The event plane provides Dynamo with a pub/sub layer for near real-time event exchange between components. It delivers KV cache updates, worker load metrics, and sequence tracking events, enabling features like KV-aware routing and disaggregated serving.

When Is the Event Plane Used?

Key use cases:

  • KV cache events — Workers publish cache state so the router can make cache-aware scheduling decisions.
  • Worker load metrics — Workers report utilization so the router can balance load.
  • Sequence tracking — Coordinates active sequences across router replicas for fault tolerant routing.

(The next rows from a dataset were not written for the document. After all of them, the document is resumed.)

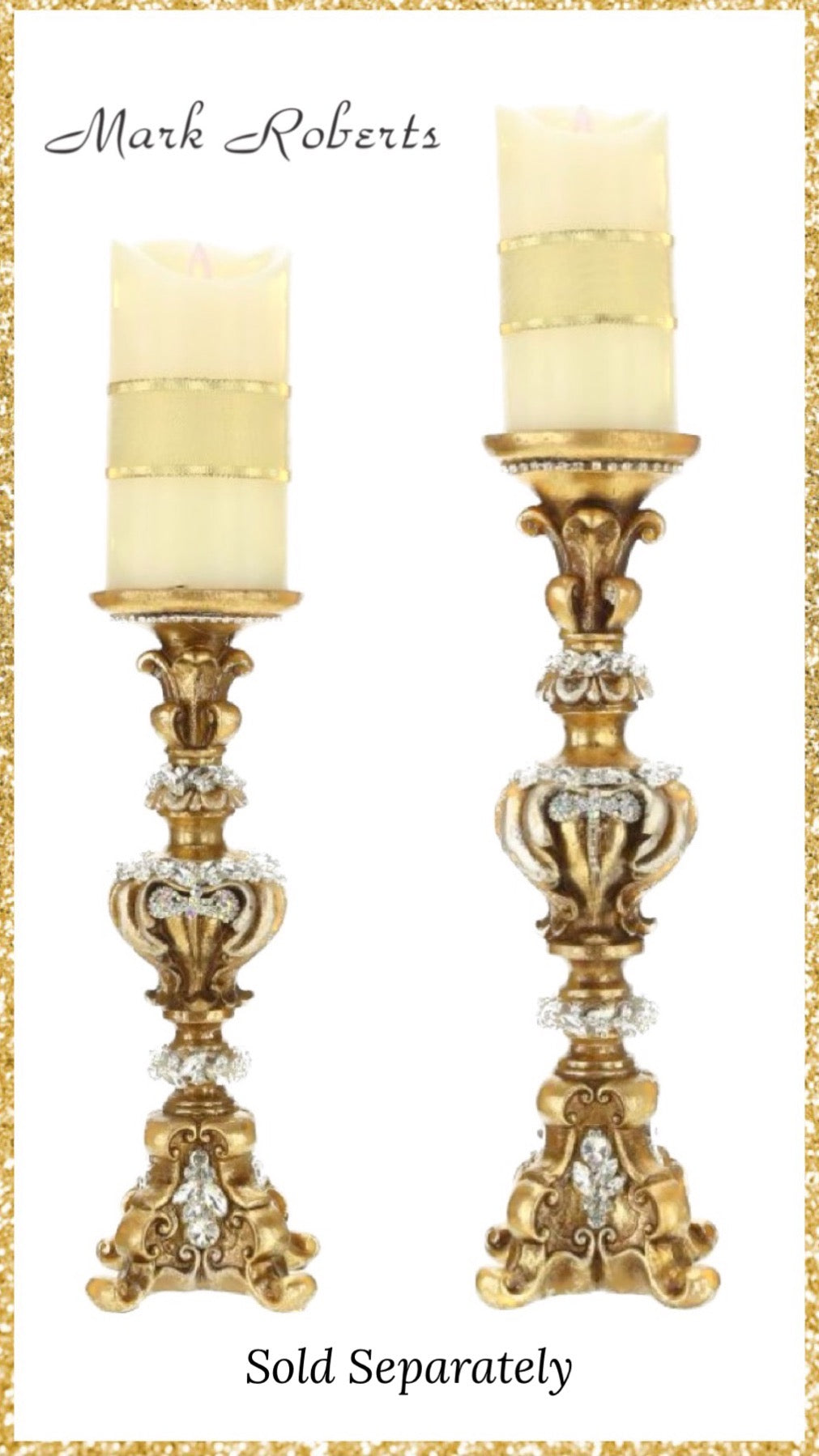 15" Jeweled Candle Holder Mark Roberts Home Decor
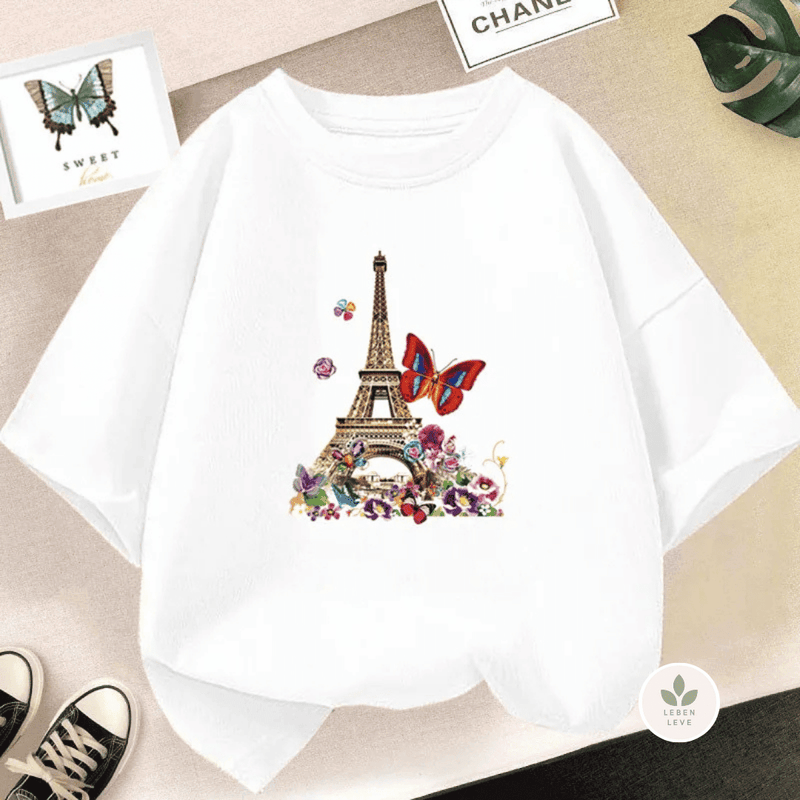 Blusa Infantil Corações E Paris - Leben Leve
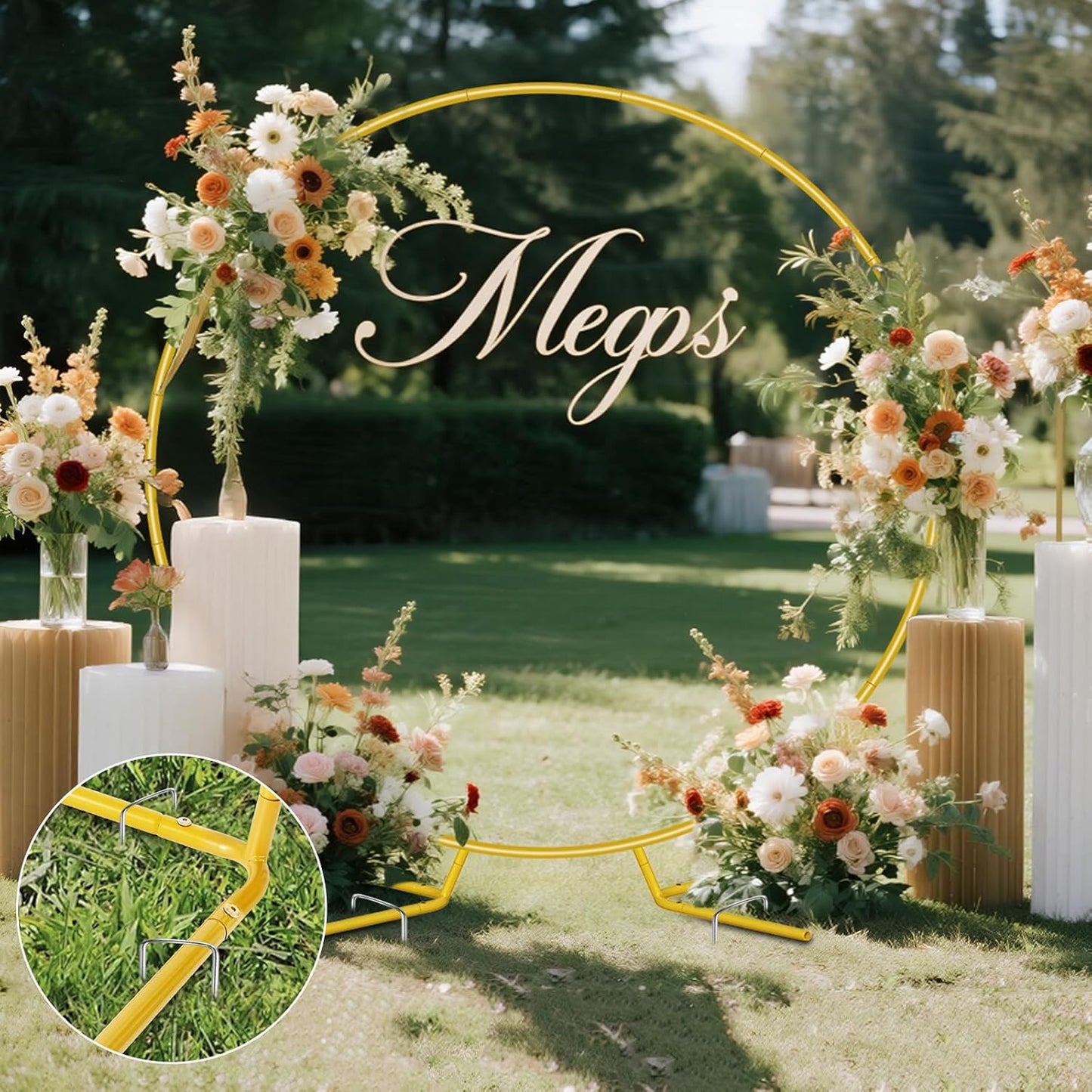 7.2FT Round Metal Arch Backdrop Stand, Circle Balloon Arch Stand Kit with Base, Metal Gold Wedding Arches Frame Heavy Duty for Birthday Gender Reveal Baby Shower Anniversary Party Decoration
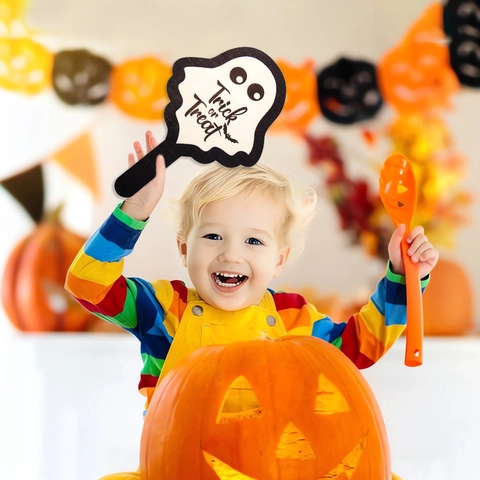 Wooden Halloween Handheld Props Pumpkin Ghost Spider Bat Trick Or Treat Signs For Party Atmosphere Decoration Photo Props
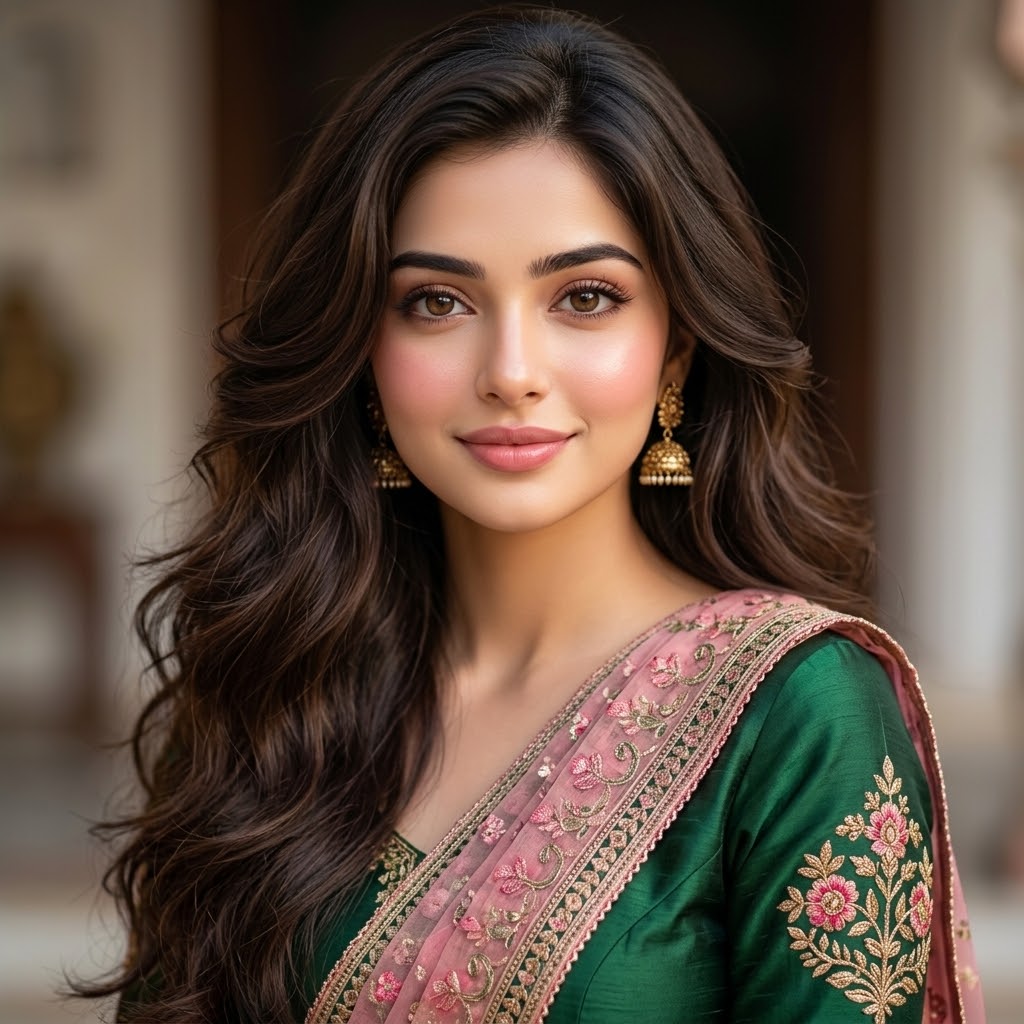 Elegant South Asian Woman in Traditional Green Attire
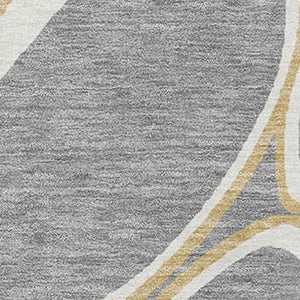 HomeRoots 5' X 8' Gray Ivory and Gold Geometric Area Rug – Washable, UV Protected, Stylish for Any Space! 681685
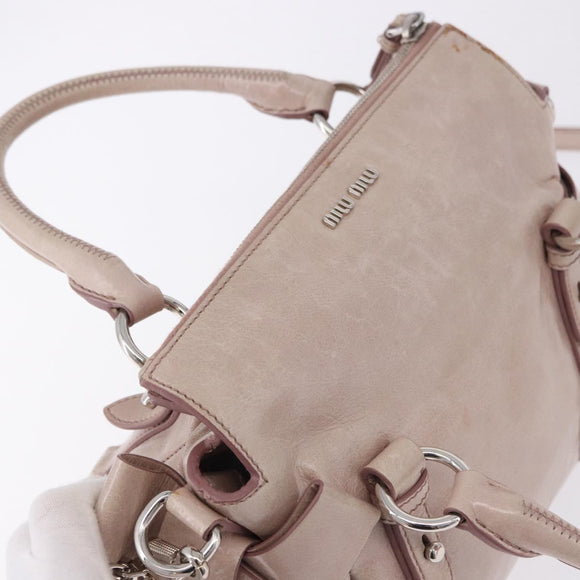 Miu Miu Side Ribbon Hand Bag Leather 2way Pink Silver Auth bs36679V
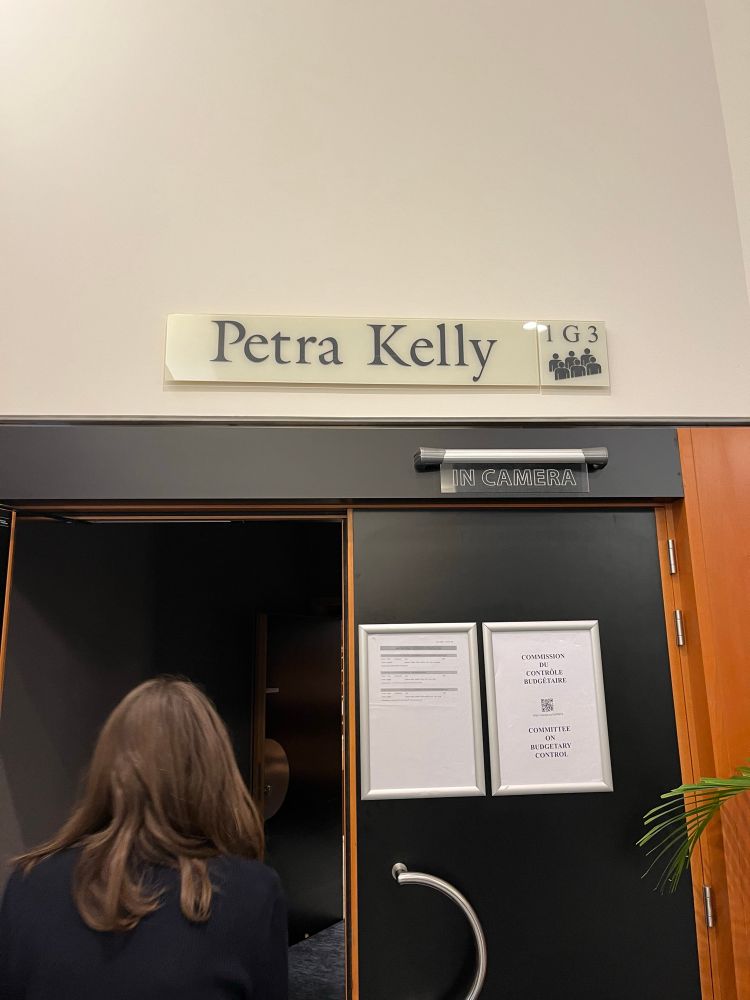 EU Ausschuss Sitzungsraum trägt den Namen der Gründerin der Grünen, Petra Kelly.
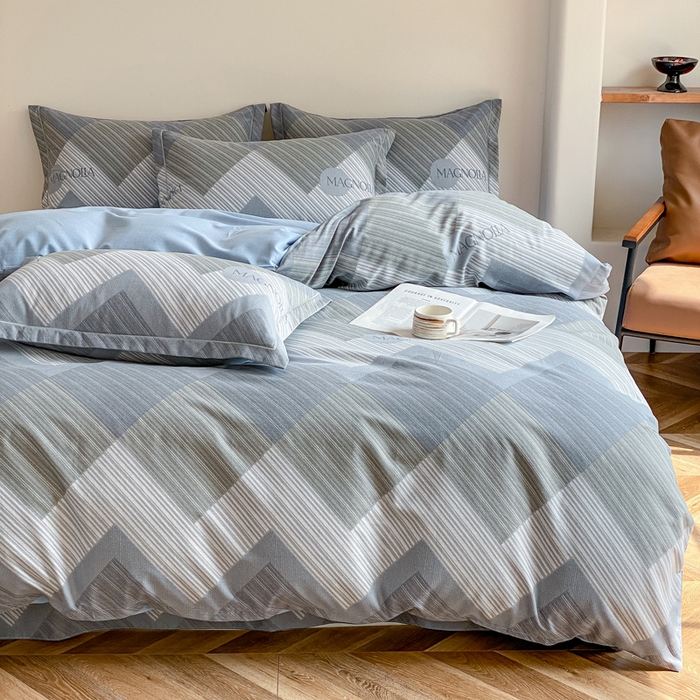 91家纺网 家纺一手货源 找家纺 大吉 2025新款加厚活性喷气磨毛棉四件套被套床单床笠学生单人三件套 奥斯丁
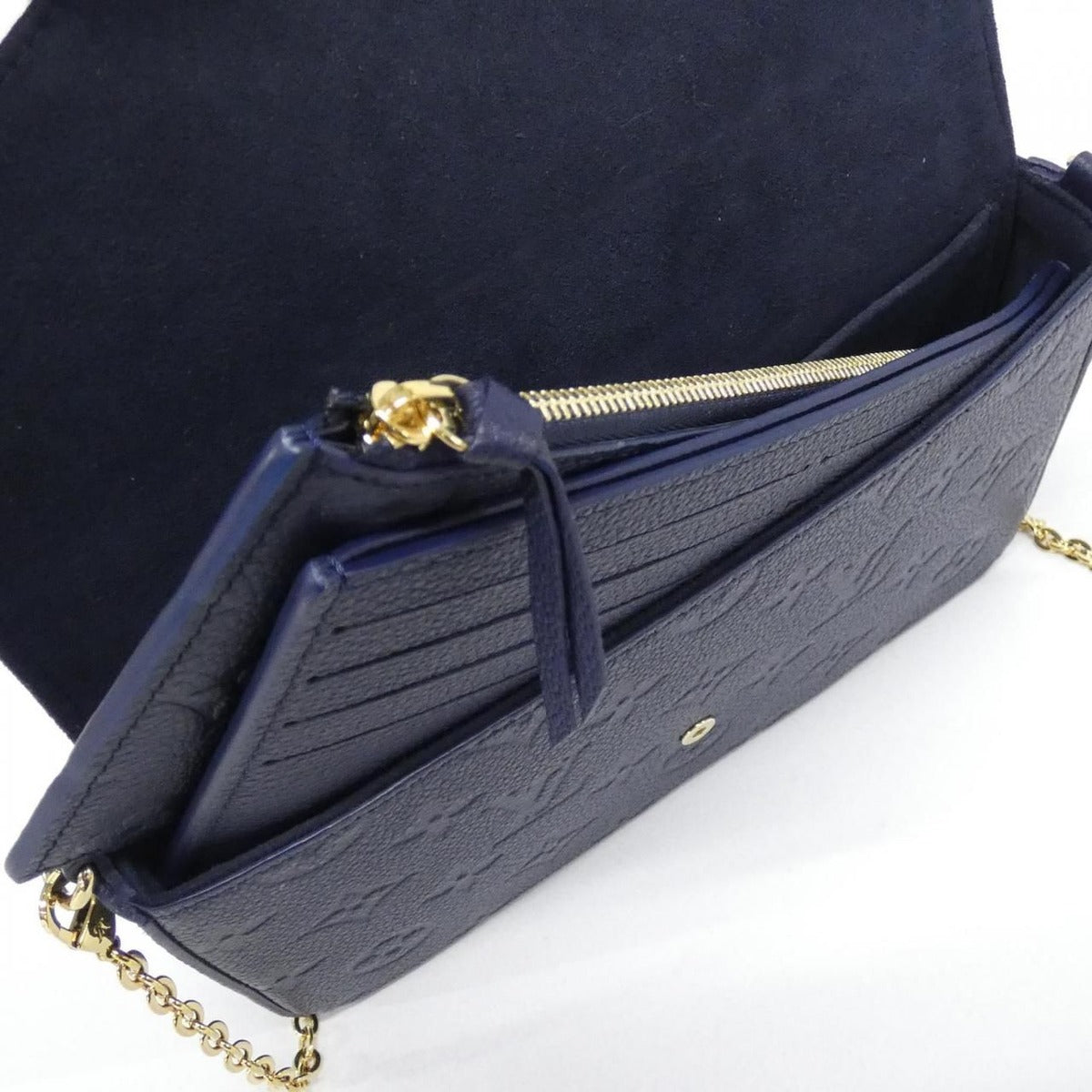 Louis Vuitton Monogram Empreinte Pochette Felicie Shoulder Bag Navy Blue — view 5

Event plane architecture showing NATS and ZMQ transport options connecting Frontend, Planner, and Worker

Choosing a Transport

The event plane supports two transports:

NATS (default)ZMQ
External infrastructureRequires a NATS serverNone (peer-to-peer)
Setup complexitySimple — point at a NATS serverAutomatic — workers bind sockets and register via discovery
Best forLarge-scale deploymentsLow operational overhead

Configuration

Transport Selection

Set the DYN_EVENT_PLANE environment variable to choose a transport:

$# Use NATS (default -- no need to set explicitly)
$export DYN_EVENT_PLANE=nats
$
$# Use ZMQ
$export DYN_EVENT_PLANE=zmq

Python components also accept this as a CLI flag:

$# vLLM backend
$python3 -m dynamo.vllm --event-plane zmq --model Qwen/Qwen3-0.6B
$
$# SGLang backend
$python3 -m dynamo.sglang --event-plane zmq --model Qwen/Qwen3-0.6B

Environment Variables

VariableDescriptionDefault
DYN_EVENT_PLANETransport: nats or zmqnats
NATS_SERVERNATS server URL (NATS transport only)nats://localhost:4222

NATS Transport

When using NATS (DYN_EVENT_PLANE=nats or unset):

  • Requires a running NATS server. Set NATS_SERVER if it is not on localhost:4222.
  • Events are published to NATS subjects scoped by namespace and component.
  • Built-in reconnection and message buffering during brief disconnections.

Example setup:

$export NATS_SERVER=nats://nats-server:4222
$export DYN_EVENT_PLANE=nats
$
$# Start workers -- they publish events to NATS automatically
$python3 -m dynamo.vllm --model Qwen/Qwen3-0.6B
$
$# Start frontend -- it subscribes to events from NATS automatically
$python3 -m dynamo.frontend --router-mode kv

ZMQ Transport

When using ZMQ (DYN_EVENT_PLANE=zmq):

  • No external server required. Each worker binds a ZMQ PUB socket and advertises its address through the discovery system.
  • Subscribers automatically discover and connect to all active publishers.
  • When publishers come and go (e.g., workers scaling up/down), subscribers dynamically adjust their connections.

Example setup:

$export DYN_EVENT_PLANE=zmq
$
$# Start workers -- each binds a ZMQ socket, registers with discovery
$python3 -m dynamo.vllm --model Qwen/Qwen3-0.6B
$
$# Start frontend -- discovers workers and connects directly
$python3 -m dynamo.frontend --router-mode kv

Disabling the Event Plane

If you do not need KV-aware routing, you can disable the event plane entirely:

$python3 -m dynamo.frontend --router-mode kv --no-kv-events

With --no-kv-events:

  • The router falls back to prediction-based cache-aware routing (estimates cache state from routing decisions).
  • No NATS server or ZMQ sockets are needed.
  • TTL-based expiration and LRU pruning keep predicted state from growing stale.

Deployment Modes

Bare Metal / Local

Both transports work out of the box:

$# NATS (requires nats-server running)
$export NATS_SERVER=nats://localhost:4222
$
$# OR ZMQ (no extra infrastructure)
$export DYN_EVENT_PLANE=zmq

Kubernetes (with Dynamo Operator)

The operator can inject DYN_EVENT_PLANE into pods. The same transport options apply. If using NATS, deploy a NATS server in the cluster and set NATS_SERVER accordingly.